DE LA NORMALITE
Louis XVI était
au fond un homme fort estimable. Très cultivé, ouvert, curieux des
sciences, des techniques et de leurs progrès, très désireux de
servir son pays du mieux qu’il le pourrait. Voltaire lui-même, qui
n’a connu que les quatre premières années du règne, avait pour lui
une certaine sympathie et se montrait plutôt optimiste. Mais
Louis XVI est tout à fait « normal », préférant se
divertir à des travaux manuels, comme un homme du commun, ou se
promener sur les toits de Versailles plutôt que de parader au milieu
de sa cour et de trancher avec fermeté au moment de prendre des
décisions importantes. Il ne ressemble guère à son très anormal ancêtre,
quatorzième du nom, un peu caractériel, terriblement rongé par la
folie des grandeurs, se prenant pour le centre d’un monde enfin
devenu héliocentrique. Bref, l’anormalité dans tout son lustre
paradoxal, et jusqu’à un certain délire. Cette « ’anormalité »

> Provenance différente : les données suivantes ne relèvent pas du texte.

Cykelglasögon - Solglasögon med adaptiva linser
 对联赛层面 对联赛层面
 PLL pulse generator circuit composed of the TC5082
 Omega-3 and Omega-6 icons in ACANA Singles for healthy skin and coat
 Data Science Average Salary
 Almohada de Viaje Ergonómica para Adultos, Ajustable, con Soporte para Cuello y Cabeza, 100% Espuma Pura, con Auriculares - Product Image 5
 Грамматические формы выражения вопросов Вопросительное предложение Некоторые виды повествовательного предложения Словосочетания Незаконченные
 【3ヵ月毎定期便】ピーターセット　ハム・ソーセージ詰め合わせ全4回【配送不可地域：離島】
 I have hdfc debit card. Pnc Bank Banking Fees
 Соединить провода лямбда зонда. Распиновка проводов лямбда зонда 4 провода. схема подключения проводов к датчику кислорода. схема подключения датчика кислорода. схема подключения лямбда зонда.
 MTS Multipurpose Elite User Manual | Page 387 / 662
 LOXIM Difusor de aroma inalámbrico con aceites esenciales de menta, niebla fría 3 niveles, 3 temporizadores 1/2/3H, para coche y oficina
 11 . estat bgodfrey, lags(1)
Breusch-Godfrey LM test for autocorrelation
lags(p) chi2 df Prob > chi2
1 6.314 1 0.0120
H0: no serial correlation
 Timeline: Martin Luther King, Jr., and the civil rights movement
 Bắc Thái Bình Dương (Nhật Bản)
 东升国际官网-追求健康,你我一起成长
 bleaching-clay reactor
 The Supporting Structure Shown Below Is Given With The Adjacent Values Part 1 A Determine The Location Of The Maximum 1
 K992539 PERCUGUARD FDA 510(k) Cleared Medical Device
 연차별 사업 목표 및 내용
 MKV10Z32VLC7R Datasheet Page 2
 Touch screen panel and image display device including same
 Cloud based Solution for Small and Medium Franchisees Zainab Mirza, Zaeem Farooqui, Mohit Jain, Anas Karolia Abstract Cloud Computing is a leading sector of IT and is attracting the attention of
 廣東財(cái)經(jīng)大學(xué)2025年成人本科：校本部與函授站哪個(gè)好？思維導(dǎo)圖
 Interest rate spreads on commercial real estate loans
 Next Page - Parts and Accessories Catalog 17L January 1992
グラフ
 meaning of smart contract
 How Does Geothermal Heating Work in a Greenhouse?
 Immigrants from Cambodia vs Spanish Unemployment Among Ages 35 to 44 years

de Louis XIV ne l’a quand même pas empêché de savoir très
précisément ce qu’il voulait ni de s’y tenir. Sans doute, il s’en
faut bien que tous les historiens veuillent en faire un personnage
très sympathique, et le bilan du règne est souvent plutôt nuancé,
mais il y a là un style qui en impose, même aux détracteurs.
Une vraie politique, en France, depuis
Louis XIV, vise nécessairement la « grandeur ». Pour
devenir grand quand on ne l’est pas -et les défaitistes de tous
bords nous ont assez répété que la France n’était plus grand
chose -, il faut d’abord vouloir le paraître et savoir refuser de se
laisser conduire par les circonstances jusqu’à devoir dire comme tel
ministre (Jospin, je crois) confronté à un problème d’injustice
sociale : on n’y peut rien. Voilà où conduit nécessairement la
« normalité » de style socialiste, et jusqu’à voter -pour notre honte éternelle- les pleins pouvoirs à un Pétain, et
jusqu’à confier beaucoup plus tard la direction du pays à l’un des
fils spirituels du Maréchal, estampillé par sa francisque, et qui
nous laisserait pour seul héritage un Front national dont nous nous
serions bien passés.
Bref, la normalité qui veut se régler
au pas du plus grand nombre, se conformer à l’attente des masses,
pour la plus grande gloire d’un Conformisme qui est la tyrannie des cons, à quoi conduit-elle ? A
la guillotine, aux massacres de septembre ; à la soumission au Reich,
à la soumission inconditionnelle, à partir de 84, aux lois d’un
libéralisme hors-la-loi.
Ce qui nous attend, je le crains fort,
c’est une de ces catastrophes retentissantes dont le cours « normal »
de l’histoire paraît avoir le secret.